NdO can also be stabilized as an epitaxial thin film. Rocksalt NdO (001) films have been prepared by pulsed laser deposition from metallic neodymium onto YAlO3 substrates under low oxygen partial pressures. The films are protected from oxidation by an amorphous aluminium oxide capping layer.

==Properties==
===Structure and stability===
Neodymium monoxide crystallizes in the cubic crystal system with the rock salt structure, space group Fm3̅m (No. 225). The high-pressure bulk material reported in 1980 had a lattice parameter of a = 4.994 ± 0.005 Å. Later experimental determinations have reported values close to 5.00 Å.

In the rock salt structure, each neodymium atom is surrounded octahedrally by six oxygen atoms and each oxygen atom by six neodymium atoms.
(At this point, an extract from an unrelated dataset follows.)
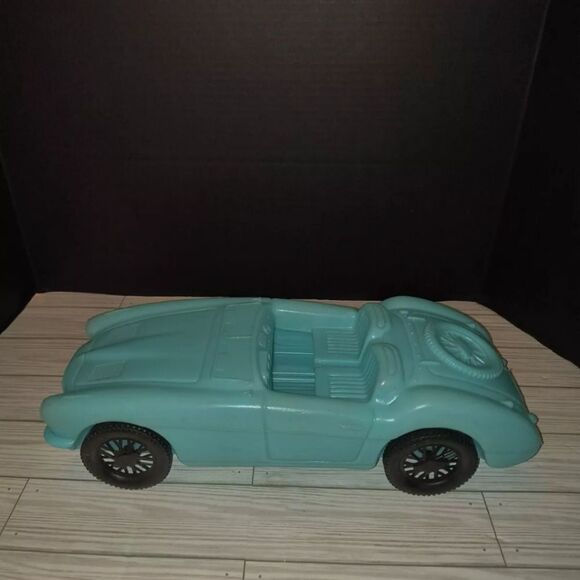 VINTAGE TOY 1960s Convertible Car A J RENZI CORP LEOMINSTER MASS 17" PLASTIC - Picture 1 of 11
The relatively small lattice parameter compared with compounds containing clearly divalent neodymium was one of the original indications that the electronic state of neodymium in NdO cannot be described simply as Nd^{2+}.
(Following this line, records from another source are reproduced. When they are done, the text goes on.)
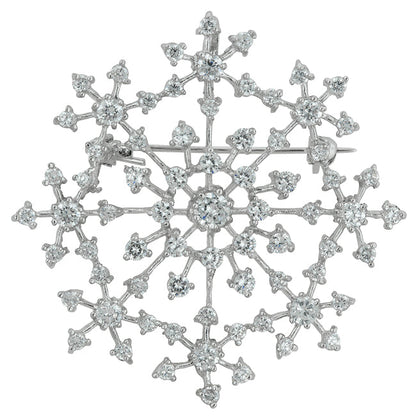 Winter Wonderland Snowflake Brooch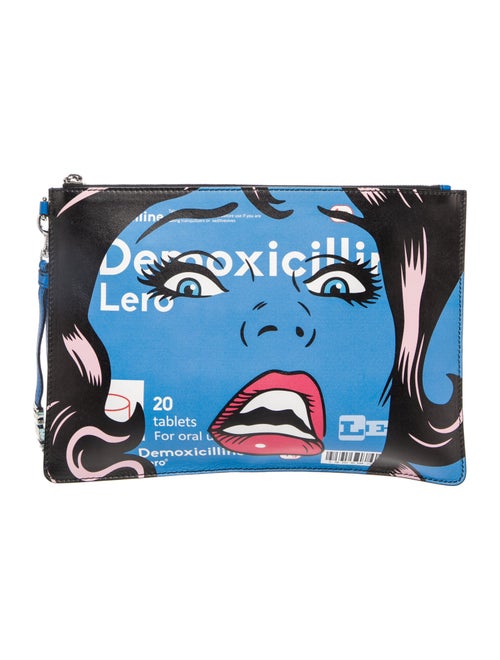 Moschino Leather Clutch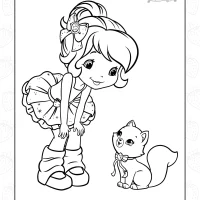 Strawberry Shortcake Coloring Sheet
Bulk NdO is metastable at ambient conditions. On exposure to air, the high-pressure product slowly decomposes, forming hexagonal neodymium(III) hydroxide, Nd(OH)3.

===Electronic properties===
Neodymium monoxide is metallic. Its electronic structure differs from that of EuO and other monoxides containing conventional divalent lanthanide ions. In early rare-earth monoxides such as NdO, an electronic configuration involving essentially trivalent rare-earth ions together with an itinerant conduction electron has been proposed.

Electrical measurements of epitaxial NdO films show metallic temperature dependence. Hall-effect measurements indicate a high electron concentration consistent with approximately one itinerant electron per neodymium atom. X-ray photoelectron spectroscopy of bulk high-pressure NdO shows a shift of the Nd 3d levels to higher binding energy relative to Nd2O3, further indicating that the electronic state in NdO is not adequately represented by a simple localized Nd^{2+} model.

===Magnetic properties===
Bulk polycrystalline NdO prepared under high pressure was reported to be paramagnetic. Epitaxial thin films behave differently. A 2019 study found ferromagnetism in rocksalt NdO films with a Curie temperature of 19.1 ± 1.8 K. The ferromagnetism was attributed primarily to direct Nd–Nd exchange interactions associated with the comparatively short distance between neodymium atoms. The films also exhibit negative magnetoresistance and an anomalous Hall effect.

The magnetic and electrical properties depend strongly on film thickness. In films with thicknesses decreasing from 45 to 3 nm, electrical resistivity increases and the Curie temperature decreases. Films 9 and 12 nm thick retain a small remanent magnetization and anomalous Hall effect at temperatures as high as approximately 40 K, well above the main ferromagnetic transition. This has been interpreted as evidence for an additional weakly ferromagnetic state.

==Thermochemistry==
The formation of NdO from neodymium metal and neodymium(III) oxide is thermodynamically unfavourable at ambient pressure, explaining the requirement for high-pressure synthesis.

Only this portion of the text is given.